One of the things that I am enjoying most about this trip is the nighttime visits to the villages for prayers or mass.

This was something we did not do in Narus. The villages are all very long drives from the main town of Narus so it was not practical to go out there at night time. Here in Riwoto, we are in the heart of Toposaland and the villages are accessible.

Night time too is a good time to get people. The villagers have finished their work for the day. The men have been tending their animals. The women have been cultivating their crops of sourghum, caring for the children, bringing water from the borehole, cooking, cutting wood or making charcoal or brewing beer to sell in the villages. Now that the work is done they have time to come and pray in the darkness. 

We drive out after dinner, sometimes the village is over an hours drive away. We are always joined by some of the Toposa speaking teachers. Tim goes armed with his iPad and portable projector. He shows pictures of that weeks Gospel story and speaks about it in their native Toposa language. While I still don’t understand the language I am now able to pick out words and phrases. It always makes me smile when I hear Fr. Tim speak Toposa with a thick Kerry accent!

The meetings take place just outside the boundary wall of the village. Each village has a meeting place which is essentially some logs arranged in a circle. Sometimes the people bring firewood and light a fire. Although, I’m not convinced it’s needed…at nighttime it’s still warm here.

We are often joined by over 200 villagers. I suppose we’re the only show in town. We always have teachers from our school too who speak to the people about why it is so important to send their children to school. Most Toposa cannot read or write and very few pursue and education. Part of the challenge here is to express just how important that education is.

On one night, there may have been almost 300 people. We talked about education and not one single person in the group was now going or had gone to school. I found this particularly hard to deal with but it was made worse when one man said “if we send our children to school who will take care of the cattle”.
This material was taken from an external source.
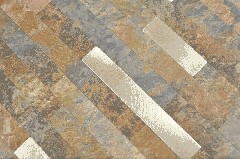 MOS200-MSG_m è un mosaico di piastrelle in vinile composito dipinto a mano con effetto pietra Multi Slate/Gold
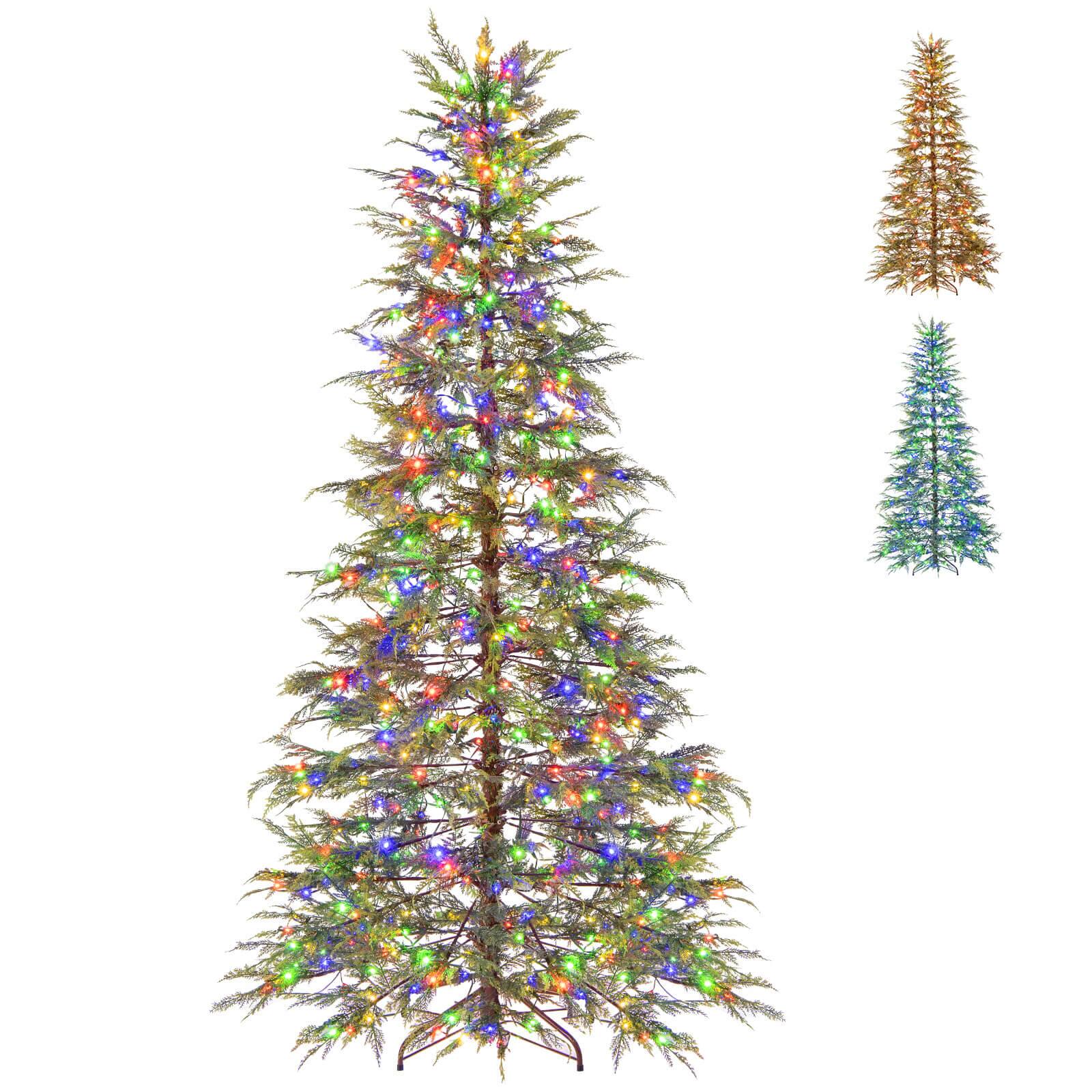 Costway - 7.5 FT Pre-Lit Artificial Christmas Tree with 725 Branch Tips 500 Lights 8 Modes - Green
If I had known what was going on at the time I would have retorted with questions about what would happen if the cattle became diseased or if trouble broke out and their cattle were stolen or killed. Inshallah.

   
 

A day as a teacher in St. Bakhita

I stopped off in Narus for a few days on my way to Riwoto to visit my friends there. More to follow on that but I had a great time going back to St. Bakhita Girls Primary School where I had taught maths two years ago.

It was wonderful to see the changes in the school. There are more teachers and the security has been improved. The new Principal Sister Jane has worked wonders on a shoe string and the girls seem so happy. 

Sister Jane was quick to jump at the opportunity to have a new maths teacher and I spent one day at the school teaching revision classes. I helped to prepare the girls for their mid-term exams which will take place over the coming weeks.

I must admit, I was completely exhausted by the end of it all. But very happy to be back!

On Friday morning, there was a special assembly for me. The girls danced and sang and presesnted me with letters of appreciation for the domitory as well as beautiful beads. I felt so lucky. There was a sense though that I was moving on to a new adventure. 

There are more than 700 girls in the school now which comprise of both borders and day students. About 400 of those girls are borders with many coming from villages and town days away. St. Bakhita is one of the best schools in the province and those parents to value education are always keen to have their children attend.

I will write more about the dormitory later. Theres plenty of news on that front!